It’s a quiet evening in the hills of Cannes, overlooking the sea… a view that I have become used to over the last two weeks. The glittering view of the hills encroaching onto the Mediterranean, like fingers desperately digging into the earth, trying to hold on. That’s what it’s felt like these last two weeks for me, which is why I haven’t been writing. I honestly thought that I had changed completely. I would wake up in the morning, unable to recognise myself. I forgot why it is that I wanted to move here in the first place – I seemed so lost, and was struggling to settle my roots even though I’ve been here so many times. I felt isolated up here, surrounded by beauty but completely alone. There are always two sides to loneliness.

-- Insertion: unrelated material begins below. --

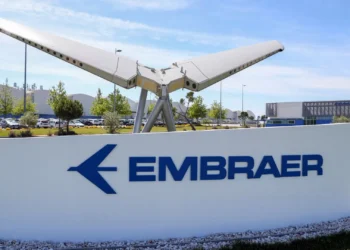 Lucro da Embraer cresceu 87% em 2024 para 428 milhões de euros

One is dark, harsh, a sinking feeling, a suffocation. The other is peaceful, spacious, lots of room to breathe without worrying about the need to pretend to be someone else for the sake of others. There has been a good dose of both, and between the two I moved so fluidly and rapidly that I new a transformation was happening but I just didn’t know what the outcome would be. But finally, I’m here. And this evening, as I watch the sky go dark, I start to feel the familiar magic of the life I’d dreamed here before. It’s been coming back to me, piece by piece, in an even more beautiful way than before.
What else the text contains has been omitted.